§ **What the task requires**: Only these lines of the data below are wanted: the one with "COS Tops - COS", the one with "Two identical, white, oval", and any lines between them, each repeated exactly.
======== Data for processing
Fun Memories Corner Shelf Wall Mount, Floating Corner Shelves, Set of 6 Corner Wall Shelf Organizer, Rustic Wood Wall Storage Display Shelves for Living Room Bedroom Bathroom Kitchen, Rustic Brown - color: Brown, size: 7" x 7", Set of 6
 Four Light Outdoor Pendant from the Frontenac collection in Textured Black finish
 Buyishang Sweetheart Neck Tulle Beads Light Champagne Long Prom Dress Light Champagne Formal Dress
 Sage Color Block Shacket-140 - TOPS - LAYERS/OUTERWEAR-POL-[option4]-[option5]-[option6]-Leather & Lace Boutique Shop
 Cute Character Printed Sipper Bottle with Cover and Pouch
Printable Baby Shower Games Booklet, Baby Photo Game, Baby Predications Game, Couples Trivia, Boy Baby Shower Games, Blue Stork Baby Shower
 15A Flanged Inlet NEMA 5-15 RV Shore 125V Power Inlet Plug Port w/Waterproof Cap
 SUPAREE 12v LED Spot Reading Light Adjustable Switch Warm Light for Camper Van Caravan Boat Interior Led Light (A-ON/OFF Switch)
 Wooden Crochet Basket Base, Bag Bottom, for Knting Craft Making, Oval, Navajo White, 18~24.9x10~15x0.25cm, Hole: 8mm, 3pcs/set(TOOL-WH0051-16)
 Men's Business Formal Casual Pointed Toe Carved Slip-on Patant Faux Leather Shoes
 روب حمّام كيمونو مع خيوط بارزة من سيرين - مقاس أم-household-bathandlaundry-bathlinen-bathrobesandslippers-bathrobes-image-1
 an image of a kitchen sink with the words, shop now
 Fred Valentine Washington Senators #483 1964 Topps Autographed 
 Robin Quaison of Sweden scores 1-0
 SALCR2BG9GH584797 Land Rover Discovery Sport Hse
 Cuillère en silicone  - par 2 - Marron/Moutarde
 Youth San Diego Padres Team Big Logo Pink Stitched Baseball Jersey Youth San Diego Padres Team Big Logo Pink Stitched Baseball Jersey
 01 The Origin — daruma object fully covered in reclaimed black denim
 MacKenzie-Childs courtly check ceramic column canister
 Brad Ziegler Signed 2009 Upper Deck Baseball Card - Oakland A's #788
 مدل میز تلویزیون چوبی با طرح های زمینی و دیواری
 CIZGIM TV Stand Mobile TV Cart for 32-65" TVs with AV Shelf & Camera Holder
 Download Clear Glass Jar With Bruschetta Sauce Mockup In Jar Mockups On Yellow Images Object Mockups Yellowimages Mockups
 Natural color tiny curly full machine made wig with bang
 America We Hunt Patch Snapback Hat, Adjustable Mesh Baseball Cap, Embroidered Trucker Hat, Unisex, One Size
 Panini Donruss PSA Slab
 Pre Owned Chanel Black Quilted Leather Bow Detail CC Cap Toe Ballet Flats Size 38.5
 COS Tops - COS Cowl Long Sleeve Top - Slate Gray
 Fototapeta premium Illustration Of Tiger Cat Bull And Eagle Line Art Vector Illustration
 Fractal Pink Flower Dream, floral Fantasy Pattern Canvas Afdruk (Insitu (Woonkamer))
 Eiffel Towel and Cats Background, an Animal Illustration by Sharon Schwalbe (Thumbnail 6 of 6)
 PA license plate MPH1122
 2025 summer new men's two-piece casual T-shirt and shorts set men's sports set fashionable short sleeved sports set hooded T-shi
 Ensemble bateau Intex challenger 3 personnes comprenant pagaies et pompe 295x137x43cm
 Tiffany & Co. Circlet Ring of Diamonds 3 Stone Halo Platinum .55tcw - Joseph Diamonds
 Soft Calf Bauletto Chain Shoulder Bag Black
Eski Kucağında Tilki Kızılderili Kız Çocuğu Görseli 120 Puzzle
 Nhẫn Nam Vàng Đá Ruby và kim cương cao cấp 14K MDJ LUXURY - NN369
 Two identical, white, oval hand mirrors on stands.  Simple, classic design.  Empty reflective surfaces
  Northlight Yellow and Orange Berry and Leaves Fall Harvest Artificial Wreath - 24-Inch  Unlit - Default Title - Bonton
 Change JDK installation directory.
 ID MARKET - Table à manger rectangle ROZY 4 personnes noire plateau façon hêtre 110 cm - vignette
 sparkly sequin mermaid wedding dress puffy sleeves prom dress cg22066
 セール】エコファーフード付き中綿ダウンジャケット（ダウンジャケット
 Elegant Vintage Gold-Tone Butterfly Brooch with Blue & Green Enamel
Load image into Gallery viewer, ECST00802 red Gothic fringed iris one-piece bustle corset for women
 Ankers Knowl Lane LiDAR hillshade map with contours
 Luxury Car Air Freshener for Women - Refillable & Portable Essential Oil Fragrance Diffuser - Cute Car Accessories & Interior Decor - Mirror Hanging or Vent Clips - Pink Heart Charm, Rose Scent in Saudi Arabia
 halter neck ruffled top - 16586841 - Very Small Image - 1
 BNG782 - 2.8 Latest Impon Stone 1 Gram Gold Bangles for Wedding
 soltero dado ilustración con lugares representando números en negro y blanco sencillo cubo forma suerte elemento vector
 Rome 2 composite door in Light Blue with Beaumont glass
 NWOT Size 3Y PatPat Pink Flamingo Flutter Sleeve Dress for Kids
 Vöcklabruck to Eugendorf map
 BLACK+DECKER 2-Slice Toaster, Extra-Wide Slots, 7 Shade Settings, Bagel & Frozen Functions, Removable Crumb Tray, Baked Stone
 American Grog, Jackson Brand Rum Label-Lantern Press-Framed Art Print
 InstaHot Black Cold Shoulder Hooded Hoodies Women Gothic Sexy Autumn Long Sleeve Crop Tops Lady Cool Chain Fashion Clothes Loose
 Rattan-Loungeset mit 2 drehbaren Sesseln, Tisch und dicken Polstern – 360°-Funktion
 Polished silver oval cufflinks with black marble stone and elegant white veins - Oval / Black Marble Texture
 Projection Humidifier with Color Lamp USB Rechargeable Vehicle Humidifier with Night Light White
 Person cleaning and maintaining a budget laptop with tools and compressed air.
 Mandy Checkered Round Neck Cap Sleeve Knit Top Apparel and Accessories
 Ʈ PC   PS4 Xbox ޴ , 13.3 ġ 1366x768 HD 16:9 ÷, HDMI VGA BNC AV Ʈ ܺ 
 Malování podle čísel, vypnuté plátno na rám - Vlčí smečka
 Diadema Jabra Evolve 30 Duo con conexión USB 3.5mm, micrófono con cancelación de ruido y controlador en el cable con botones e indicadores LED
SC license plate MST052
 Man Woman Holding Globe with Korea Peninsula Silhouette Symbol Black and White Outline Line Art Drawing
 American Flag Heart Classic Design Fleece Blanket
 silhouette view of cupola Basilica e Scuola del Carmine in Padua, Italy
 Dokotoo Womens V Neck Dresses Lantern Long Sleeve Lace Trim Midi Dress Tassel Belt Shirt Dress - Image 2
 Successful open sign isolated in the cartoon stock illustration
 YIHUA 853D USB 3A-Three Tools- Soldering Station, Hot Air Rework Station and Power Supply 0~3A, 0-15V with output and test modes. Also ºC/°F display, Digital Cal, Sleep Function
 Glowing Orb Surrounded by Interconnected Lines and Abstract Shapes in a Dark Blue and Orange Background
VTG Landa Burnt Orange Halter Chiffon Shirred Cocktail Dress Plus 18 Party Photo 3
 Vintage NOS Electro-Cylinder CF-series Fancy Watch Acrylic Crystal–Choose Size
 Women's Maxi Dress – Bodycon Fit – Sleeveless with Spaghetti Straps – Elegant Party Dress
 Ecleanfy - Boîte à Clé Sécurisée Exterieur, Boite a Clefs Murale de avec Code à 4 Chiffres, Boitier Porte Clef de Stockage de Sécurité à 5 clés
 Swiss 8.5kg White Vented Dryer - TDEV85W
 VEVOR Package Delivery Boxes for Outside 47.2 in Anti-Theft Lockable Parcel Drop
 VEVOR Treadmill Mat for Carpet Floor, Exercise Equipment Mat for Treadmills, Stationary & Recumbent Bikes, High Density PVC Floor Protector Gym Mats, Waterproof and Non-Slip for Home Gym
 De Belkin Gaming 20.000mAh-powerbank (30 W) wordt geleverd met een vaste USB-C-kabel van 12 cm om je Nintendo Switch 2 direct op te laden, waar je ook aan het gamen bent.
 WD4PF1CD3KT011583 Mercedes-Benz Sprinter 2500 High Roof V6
================
§ **Answer area**:
 COS Tops - COS Cowl Long Sleeve Top - Slate Gray
 Fototapeta premium Illustration Of Tiger Cat Bull And Eagle Line Art Vector Illustration
 Fractal Pink Flower Dream, floral Fantasy Pattern Canvas Afdruk (Insitu (Woonkamer))
 Eiffel Towel and Cats Background, an Animal Illustration by Sharon Schwalbe (Thumbnail 6 of 6)
 PA license plate MPH1122
 2025 summer new men's two-piece casual T-shirt and shorts set men's sports set fashionable short sleeved sports set hooded T-shi
 Ensemble bateau Intex challenger 3 personnes comprenant pagaies et pompe 295x137x43cm
 Tiffany & Co. Circlet Ring of Diamonds 3 Stone Halo Platinum .55tcw - Joseph Diamonds
 Soft Calf Bauletto Chain Shoulder Bag Black
Eski Kucağında Tilki Kızılderili Kız Çocuğu Görseli 120 Puzzle
 Nhẫn Nam Vàng Đá Ruby và kim cương cao cấp 14K MDJ LUXURY - NN369
 Two identical, white, oval hand mirrors on stands.  Simple, classic design.  Empty reflective surfaces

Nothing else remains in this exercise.